Task statement: Could you retype the lines below, starting at the line holding "Anti-39S ribosomal protein" and stopping at the line holding "Growth inhibition and", inclusive? Copy them exactly and drop the images.

Data excerpts:

****

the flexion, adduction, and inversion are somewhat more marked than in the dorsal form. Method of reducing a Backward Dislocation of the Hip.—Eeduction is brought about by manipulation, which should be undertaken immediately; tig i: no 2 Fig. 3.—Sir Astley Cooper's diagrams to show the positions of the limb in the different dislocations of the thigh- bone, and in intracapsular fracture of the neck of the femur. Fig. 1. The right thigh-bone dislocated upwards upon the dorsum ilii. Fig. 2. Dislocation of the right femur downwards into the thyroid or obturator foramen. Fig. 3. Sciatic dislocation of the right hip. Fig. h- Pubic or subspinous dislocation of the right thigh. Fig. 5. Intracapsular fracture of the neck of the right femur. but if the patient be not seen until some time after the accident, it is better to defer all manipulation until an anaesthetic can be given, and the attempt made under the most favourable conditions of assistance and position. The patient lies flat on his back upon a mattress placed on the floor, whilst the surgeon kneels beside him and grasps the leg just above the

****

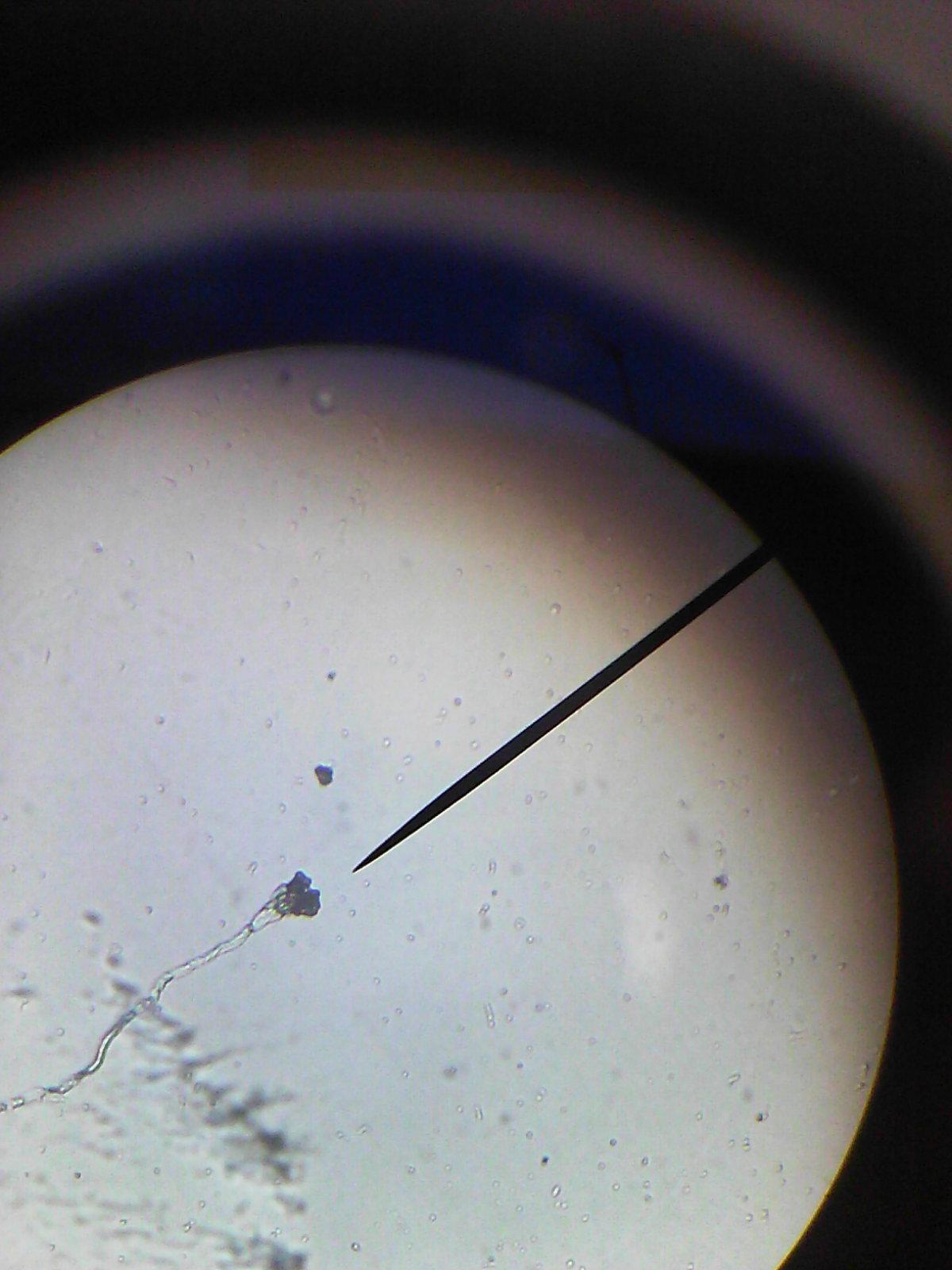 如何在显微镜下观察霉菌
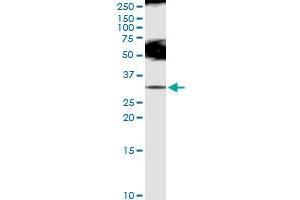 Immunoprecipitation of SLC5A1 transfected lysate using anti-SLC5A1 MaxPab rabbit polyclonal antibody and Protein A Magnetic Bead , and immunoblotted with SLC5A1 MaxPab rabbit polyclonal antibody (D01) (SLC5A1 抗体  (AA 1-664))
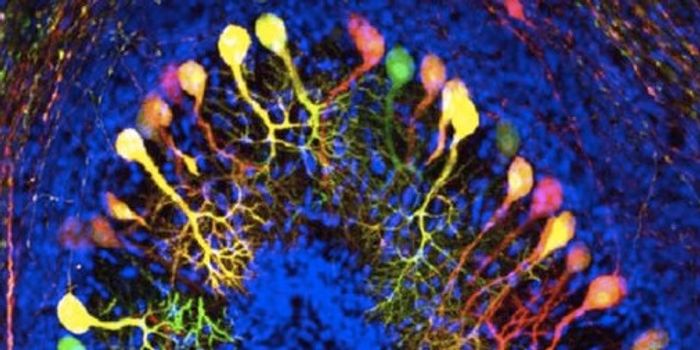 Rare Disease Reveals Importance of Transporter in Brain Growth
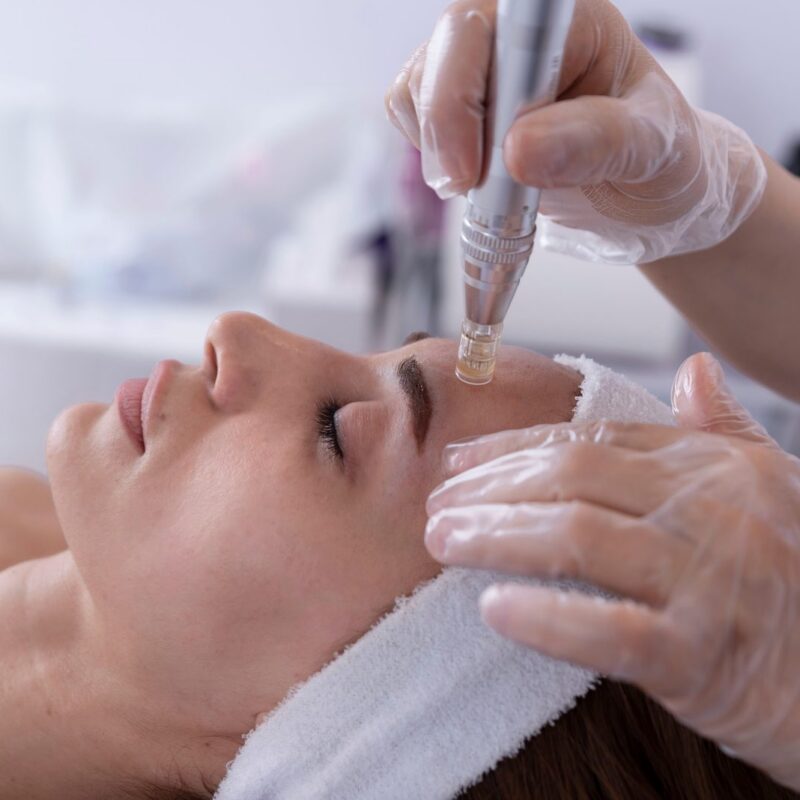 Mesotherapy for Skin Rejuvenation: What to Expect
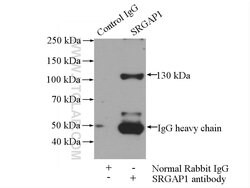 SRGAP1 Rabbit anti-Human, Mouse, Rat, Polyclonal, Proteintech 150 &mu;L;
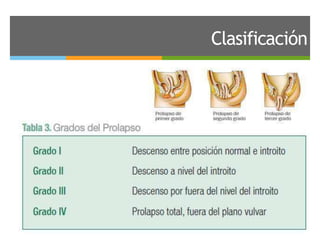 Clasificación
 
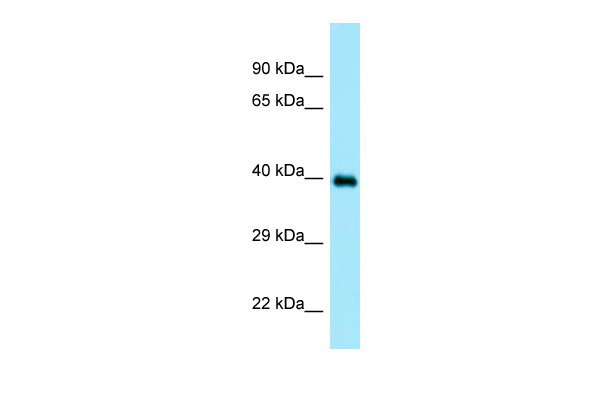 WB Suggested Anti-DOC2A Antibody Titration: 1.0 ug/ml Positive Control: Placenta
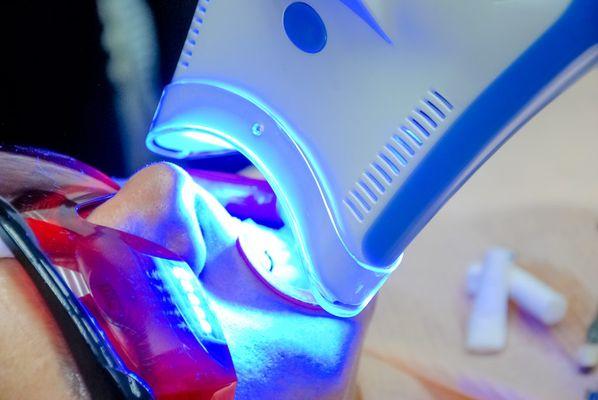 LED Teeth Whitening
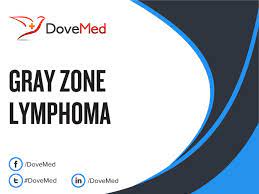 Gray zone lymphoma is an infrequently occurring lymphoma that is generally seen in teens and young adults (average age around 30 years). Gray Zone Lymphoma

****

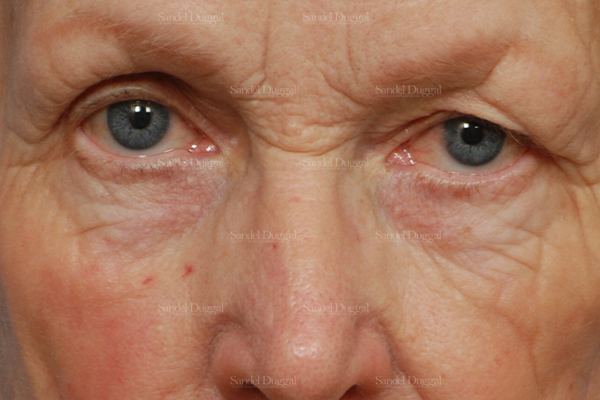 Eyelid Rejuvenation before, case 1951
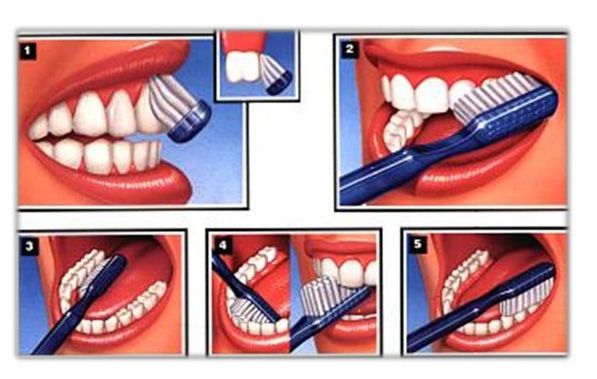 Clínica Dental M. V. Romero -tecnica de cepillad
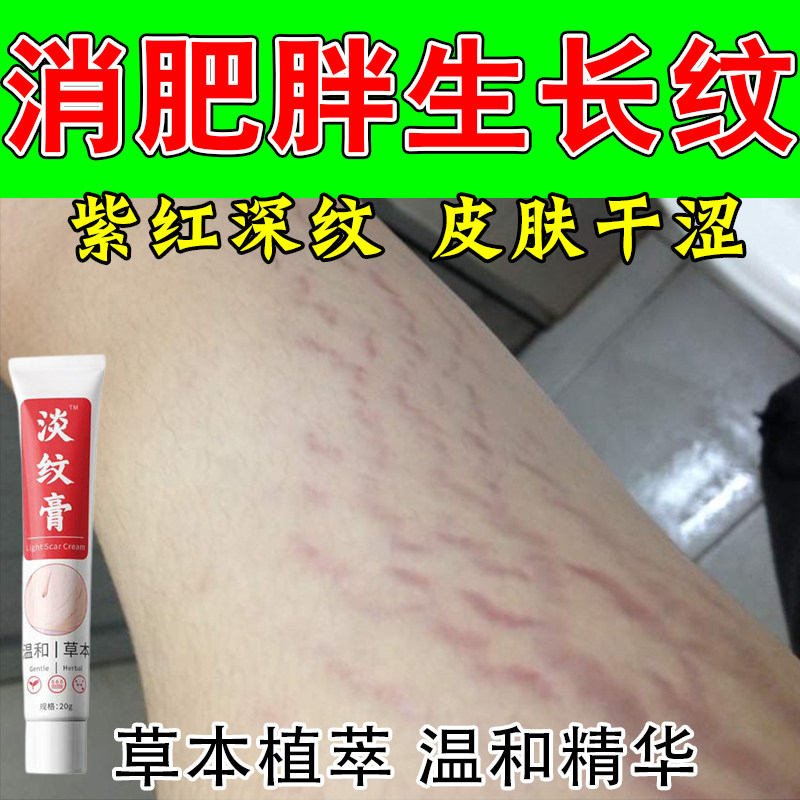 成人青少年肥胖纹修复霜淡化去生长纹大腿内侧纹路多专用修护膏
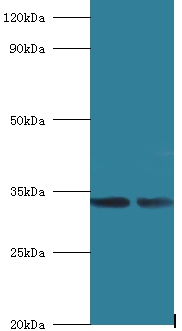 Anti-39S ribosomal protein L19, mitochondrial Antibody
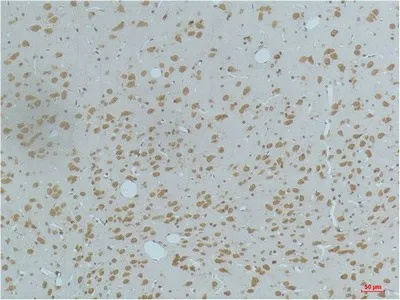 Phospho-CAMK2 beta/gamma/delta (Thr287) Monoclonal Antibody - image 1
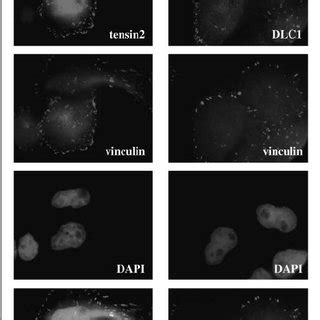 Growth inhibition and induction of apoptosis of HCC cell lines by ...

****

Your response:
 Anti-39S ribosomal protein L19, mitochondrial Antibody
 Phospho-CAMK2 beta/gamma/delta (Thr287) Monoclonal Antibody - image 1
 Growth inhibition and induction of apoptosis of HCC cell lines by ...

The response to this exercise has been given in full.